Response.  Thank you for your observation. We have utilized Zotero as our reference management software to manage our bibliographic data. We have configured Zotero to align the references with the journal's requirements. 

The plagiarism is very high about 79% because th manuscript is uploaded in Research Square website. Please deal this issue. 

Response.  Thanks for the observation. From the moment we submitted our manuscript to Plants, we declared that it was previously published in the platform Research Square as a preprint. To the best of our knowledge, it is not possible to remove a preprint from Research Square once it has been published and assigned a DOI. 

Overall, I think the manuscript has potential to be published.
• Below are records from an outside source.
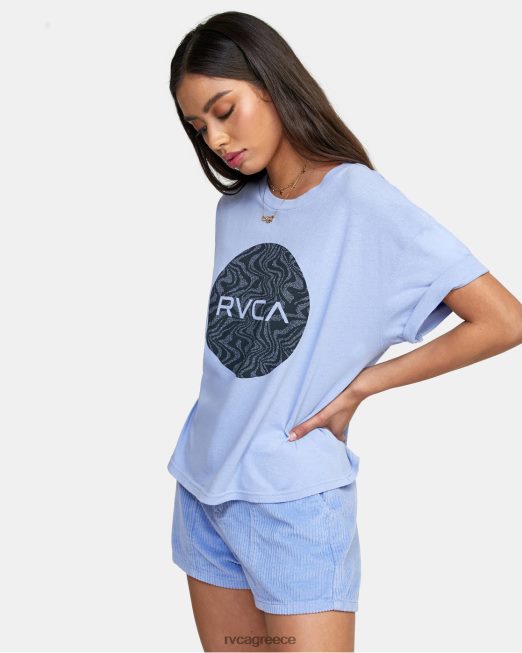 R422N81724 strata crop tee RVCA γυναίκες γκρι μωβ είδη ένδυσης
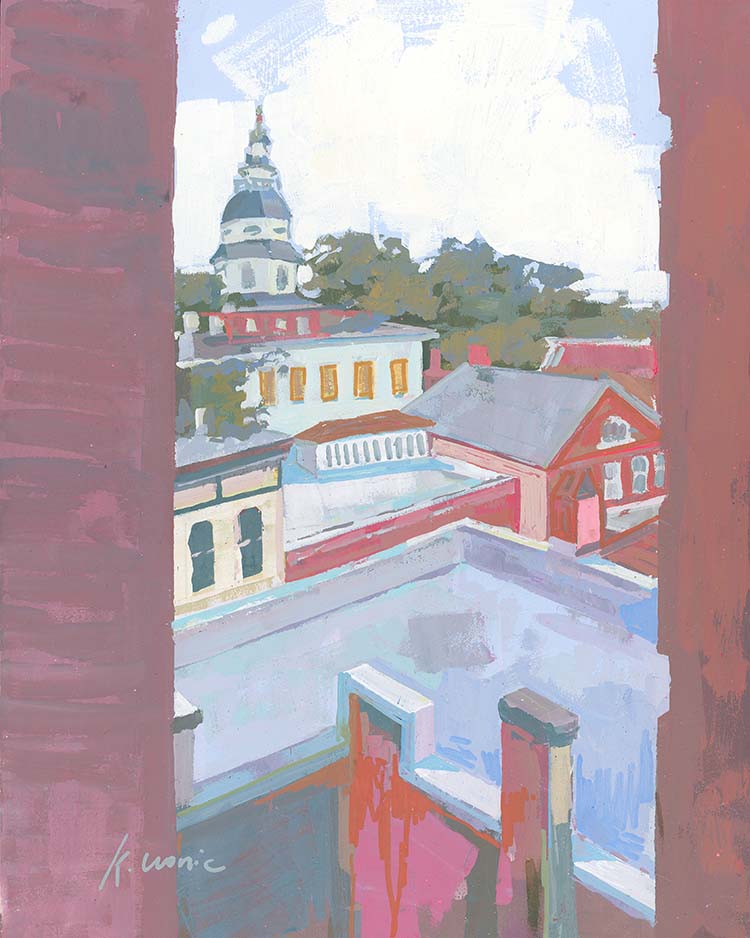Peekaboo Statehouse 2 | 11"x14" Original Unframed Acrylic Painting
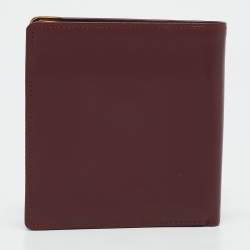 Pre Owned Cartier Dark Red Leather Must de Cartier Bifold Compact Wallet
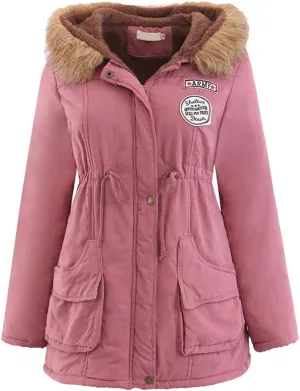 BOFETA Womens Solid Thickened Hooded Jackets Drawstring Zipper Warm Coats With Inner Fur Lined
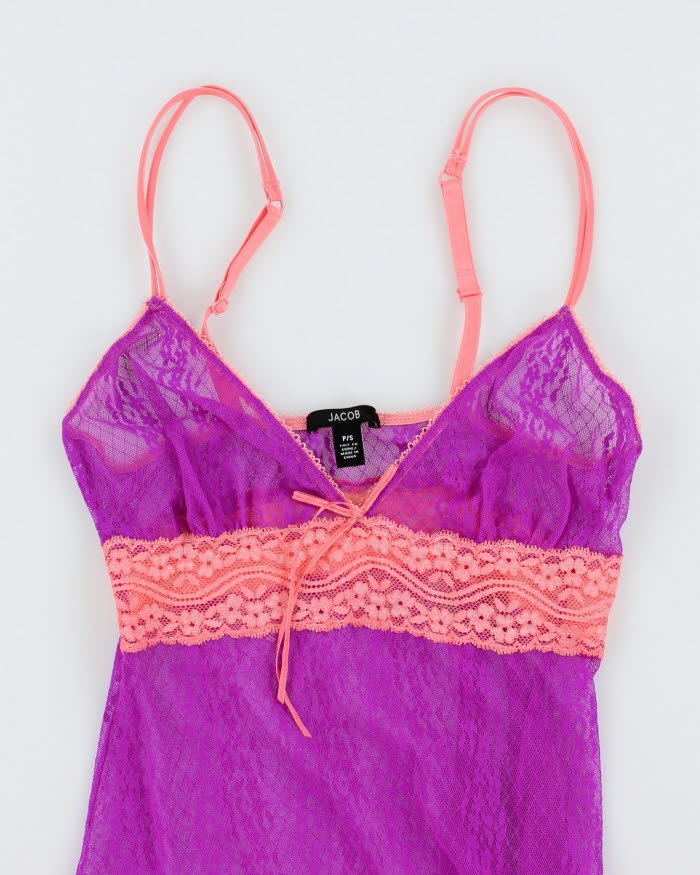 Y2k 00s Jacob Purple Mesh - S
However this manuscript needs thourough revision. 

Response.  Thank you for the suggestions. We have improved our manuscript based on your comments and those of the other reviewer. We have also carefully re-read the text and made the necessary corrections.
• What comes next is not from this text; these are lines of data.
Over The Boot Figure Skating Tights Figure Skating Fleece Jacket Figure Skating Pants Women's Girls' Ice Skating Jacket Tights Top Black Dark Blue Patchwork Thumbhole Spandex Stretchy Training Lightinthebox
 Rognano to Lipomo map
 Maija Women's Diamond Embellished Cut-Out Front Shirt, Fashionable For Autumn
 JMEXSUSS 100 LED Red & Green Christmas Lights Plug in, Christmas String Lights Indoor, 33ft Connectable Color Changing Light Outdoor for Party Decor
Comments on the Quality of English Language

I see many many grammer and typos which need tio be thouroughly corrected. These are just few examples: In Line 89: The MAGIC lines was grown…, Line 154: This results suggests…, Line 212: Further research is required to fully understand. These were just few examples. I suggest make corrections to the english grammer thouroughly and the revised version need to be approved from a native english speaker. 
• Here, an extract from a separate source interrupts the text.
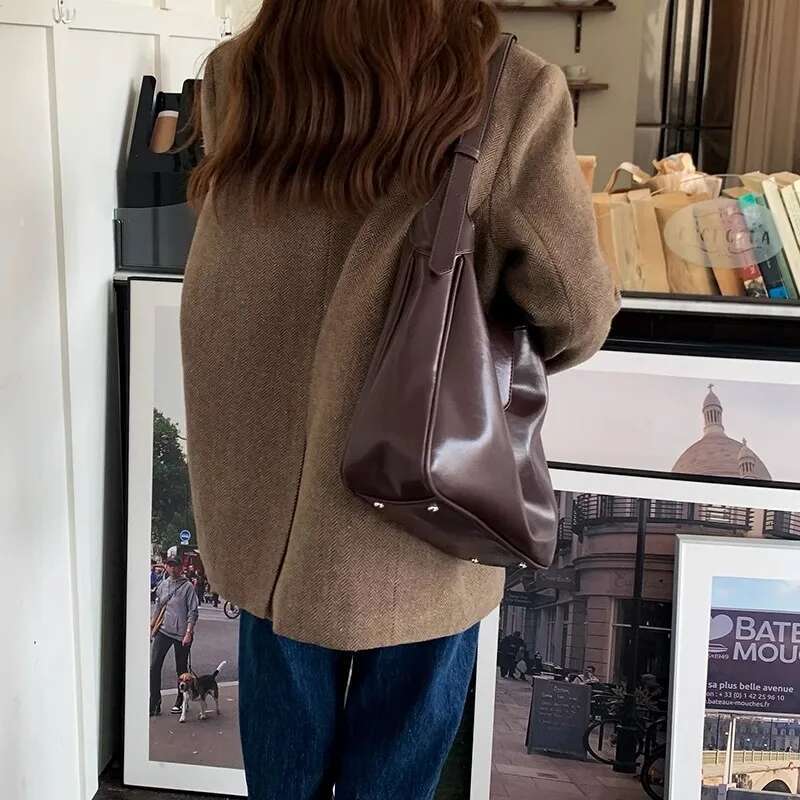 Autumn Women Retro Style Shoulder Tote Bags With Large Capacity Female New Fashion High Quality Handbag For Crossbody Carrying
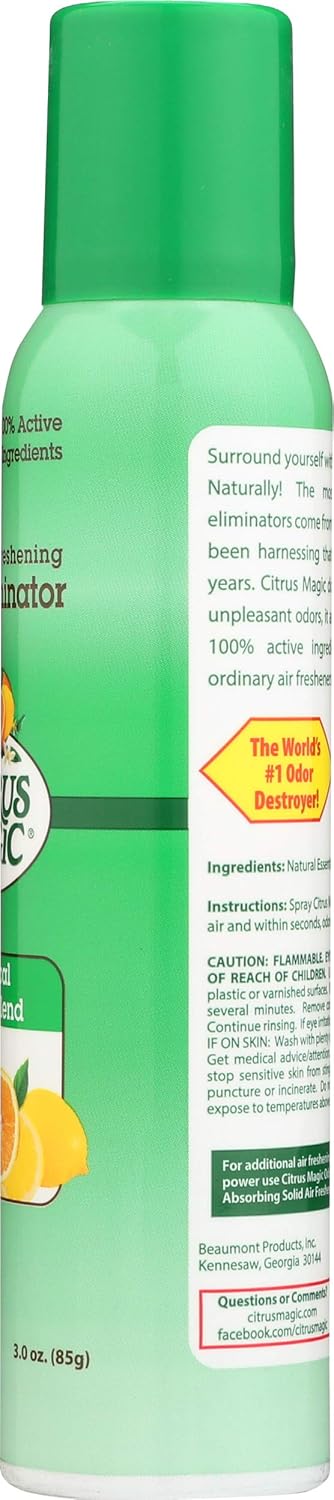 Citrus Magic Natural Odor Eliminating Air Freshener Spray, Fresh Citrus, 3-Ounce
Response. We have thoroughly reviewed the manuscript, and a native-speaking author, Prof. Joshua Banta from the University of Texas at Tyler, has revised the final version.

Round 2

Reviewer 1 Report

Comments and Suggestions for Authors

The authors addressed most of the points I raised on the previous draft, and the manuscript has been improved in the process. However, the incorporation of published expression in data analysis supporting the contribution of a suggested list of candidates (TOR, IAA18, Hydroxyproline-rich glycoprotein family protein, and GA2ox7) begs for expression analysis of these candidates between lines and correlation studies (as suggested in my previous review).

Author Response

Reviewer 1

The authors addressed most of the points I raised on the previous draft, and the manuscript has been improved in the process. However, the incorporation of published expression in data analysis supporting the contribution of a suggested list of candidates (TOR, IAA18, Hydroxyproline-rich glycoprotein family protein, and GA2ox7) begs for expression analysis of these candidates between lines and correlation studies (as suggested in my previous review).

Response 

Thank you for acknowledging our efforts to improve our article. We totally agree that we are only providing candidate genes and establishing associations with the existing literature and transcriptome studies, which we believe supports their candidacy. We agree with you that gene expression studies would be ideal to further support our candidate genes, and yet gene expression is not the only one study still to be done. Actually besides gene expression studies it would be ideal to do allele swaps, mutant analyses, graftings, etc. None of these evidences on their own will be the definitive proof of the candidate genes, so we consider that these approaches are the matter of follow-up research endeavors to be done either by our research group or the community. We apologize for not pursuing your request, acknowledging that it would add one more element but would be far from being totally conclusive for our current manuscript. The editorial times of Plants are tight, and this follow-up research will take months, or even years, to be accomplished. We hope to have your understanding that our findings need to be communicated so more research groups can get on board on the validation of candidate genes for this essential trait of adventitious root development.

Reviewer 2 Report

Comments and Suggestions for Authors

The authors satisfactory replied to the comments and made significant corrections to the manuscript. I accept and support the manuscript for publication. 

Author Response

Reviewer 2

The authors satisfactory replied to the comments and made significant corrections to the manuscript. I accept and support the manuscript for publication.

Response. Thank you for your comments and suggestions that help us improve our article and support its publication.